The modules will only install in one orientation due to the pin configuration, you’ll see in the picture below that one set of pins is longer than the other. If you match the lengths up with the motherboard you’ll have no issues installing the kit.
With the module installed on my MSI motherboard, it’s time to start overclocking!

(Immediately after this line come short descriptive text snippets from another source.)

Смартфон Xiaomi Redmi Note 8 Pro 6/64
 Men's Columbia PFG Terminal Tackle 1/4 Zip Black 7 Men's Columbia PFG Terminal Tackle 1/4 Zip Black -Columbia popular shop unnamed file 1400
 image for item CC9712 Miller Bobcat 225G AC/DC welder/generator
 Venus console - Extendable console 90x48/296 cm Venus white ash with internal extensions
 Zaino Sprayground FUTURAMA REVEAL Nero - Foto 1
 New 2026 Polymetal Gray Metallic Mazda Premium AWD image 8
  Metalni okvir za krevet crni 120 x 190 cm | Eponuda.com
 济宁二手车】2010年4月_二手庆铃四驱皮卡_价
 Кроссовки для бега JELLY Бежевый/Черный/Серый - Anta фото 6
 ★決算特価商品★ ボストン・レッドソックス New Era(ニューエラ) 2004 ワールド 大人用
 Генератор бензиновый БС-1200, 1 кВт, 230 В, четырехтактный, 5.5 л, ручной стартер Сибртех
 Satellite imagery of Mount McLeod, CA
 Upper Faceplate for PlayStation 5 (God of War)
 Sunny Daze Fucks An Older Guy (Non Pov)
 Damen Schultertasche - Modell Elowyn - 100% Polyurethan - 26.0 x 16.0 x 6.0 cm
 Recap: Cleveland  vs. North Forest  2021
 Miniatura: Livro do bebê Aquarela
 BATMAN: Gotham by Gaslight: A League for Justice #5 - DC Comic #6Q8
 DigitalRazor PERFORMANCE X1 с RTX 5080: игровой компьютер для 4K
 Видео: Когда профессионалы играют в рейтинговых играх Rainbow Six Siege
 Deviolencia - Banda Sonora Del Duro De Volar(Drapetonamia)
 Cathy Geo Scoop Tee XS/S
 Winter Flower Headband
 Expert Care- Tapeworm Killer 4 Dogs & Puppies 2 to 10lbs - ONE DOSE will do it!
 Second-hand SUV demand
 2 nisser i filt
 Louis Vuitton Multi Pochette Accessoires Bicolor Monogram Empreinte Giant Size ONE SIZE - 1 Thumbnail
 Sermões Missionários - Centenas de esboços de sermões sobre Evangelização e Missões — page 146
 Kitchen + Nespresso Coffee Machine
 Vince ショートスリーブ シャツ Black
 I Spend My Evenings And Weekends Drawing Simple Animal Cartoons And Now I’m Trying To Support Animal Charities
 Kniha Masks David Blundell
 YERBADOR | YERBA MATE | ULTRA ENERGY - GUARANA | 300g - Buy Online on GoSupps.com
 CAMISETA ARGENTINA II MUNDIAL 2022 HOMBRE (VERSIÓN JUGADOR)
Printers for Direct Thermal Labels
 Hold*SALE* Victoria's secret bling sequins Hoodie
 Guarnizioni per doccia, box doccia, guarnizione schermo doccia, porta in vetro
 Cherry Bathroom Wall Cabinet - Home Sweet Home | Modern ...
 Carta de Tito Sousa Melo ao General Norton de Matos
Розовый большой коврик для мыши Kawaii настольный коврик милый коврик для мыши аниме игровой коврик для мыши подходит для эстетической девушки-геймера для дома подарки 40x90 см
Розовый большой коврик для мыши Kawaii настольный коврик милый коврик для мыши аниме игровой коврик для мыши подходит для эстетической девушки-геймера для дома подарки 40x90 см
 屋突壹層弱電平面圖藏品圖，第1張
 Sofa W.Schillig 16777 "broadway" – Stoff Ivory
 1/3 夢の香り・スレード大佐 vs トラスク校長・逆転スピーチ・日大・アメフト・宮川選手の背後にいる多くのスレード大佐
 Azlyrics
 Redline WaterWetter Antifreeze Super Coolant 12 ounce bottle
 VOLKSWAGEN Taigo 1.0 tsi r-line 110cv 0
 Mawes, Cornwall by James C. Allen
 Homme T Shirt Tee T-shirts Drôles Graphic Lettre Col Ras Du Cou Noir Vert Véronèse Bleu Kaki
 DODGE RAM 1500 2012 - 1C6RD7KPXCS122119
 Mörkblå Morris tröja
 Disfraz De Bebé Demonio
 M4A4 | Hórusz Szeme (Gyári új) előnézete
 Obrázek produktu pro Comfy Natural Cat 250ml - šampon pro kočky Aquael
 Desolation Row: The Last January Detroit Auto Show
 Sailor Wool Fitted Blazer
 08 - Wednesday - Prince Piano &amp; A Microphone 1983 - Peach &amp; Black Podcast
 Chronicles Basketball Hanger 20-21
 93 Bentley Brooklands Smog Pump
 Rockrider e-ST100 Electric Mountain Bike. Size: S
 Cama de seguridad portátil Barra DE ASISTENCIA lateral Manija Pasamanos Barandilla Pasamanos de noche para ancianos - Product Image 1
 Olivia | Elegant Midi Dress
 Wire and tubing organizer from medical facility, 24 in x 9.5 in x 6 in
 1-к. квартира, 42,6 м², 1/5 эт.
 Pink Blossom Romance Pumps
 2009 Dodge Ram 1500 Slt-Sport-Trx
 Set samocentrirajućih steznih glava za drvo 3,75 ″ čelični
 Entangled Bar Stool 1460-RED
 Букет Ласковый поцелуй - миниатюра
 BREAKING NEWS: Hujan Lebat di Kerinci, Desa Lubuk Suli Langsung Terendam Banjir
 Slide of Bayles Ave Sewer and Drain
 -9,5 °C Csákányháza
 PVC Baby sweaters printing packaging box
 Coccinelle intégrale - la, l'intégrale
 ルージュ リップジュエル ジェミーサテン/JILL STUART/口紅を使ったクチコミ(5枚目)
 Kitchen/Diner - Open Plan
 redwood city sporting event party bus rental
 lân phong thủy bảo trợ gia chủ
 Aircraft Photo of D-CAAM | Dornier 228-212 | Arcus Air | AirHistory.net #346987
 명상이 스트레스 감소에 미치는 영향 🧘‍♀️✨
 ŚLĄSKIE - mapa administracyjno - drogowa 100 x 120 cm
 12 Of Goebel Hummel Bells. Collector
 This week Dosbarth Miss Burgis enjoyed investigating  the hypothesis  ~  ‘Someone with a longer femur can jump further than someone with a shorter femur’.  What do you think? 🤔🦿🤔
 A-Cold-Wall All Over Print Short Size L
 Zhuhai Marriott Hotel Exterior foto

Budget kits generally don’t overclock very well. Many manufacturers target budget kits to builders who are making a computer for a friend or family that will want a no-fuss system. It’s not out of the question for someone tight on money to buy a budget kit and still expect better performance than what’s printed on the specifications. That’s exactly where I’m at. I’m building a budget HTPC machine but I’ll be damned if I don’t get a little more than stock out of this kit. The first step of my overclocking was to increase the frequency, without changing the timing, until the system became unstable. I defined stability as successfully passing a loop of 3DMark Vantage, PCMark Vantage and error checking the memory in MemTest Pro for over 3000%. The system also had to pass a week of regular PC usage at that frequency to make sure there were no abnormal restarts or program errors. The Crucial CT2KIT25664BA1339 reached 749 MHz, up from 666 MHz.
The second overclocking test I did was to see how tight of a timing I could reach using the CT2KIT25664BA1339 before the system became unstable. The same rules apply, no voltage changes and stability has the same definition as above. I pushed the timing down to 8-8-8-24 from 9-9-9-24. I was hoping to get CAS 7 but some gain is better than no gain.
If we increased the voltage a tiny bit then I’m sure this kit would have a little more headroom in the max frequency.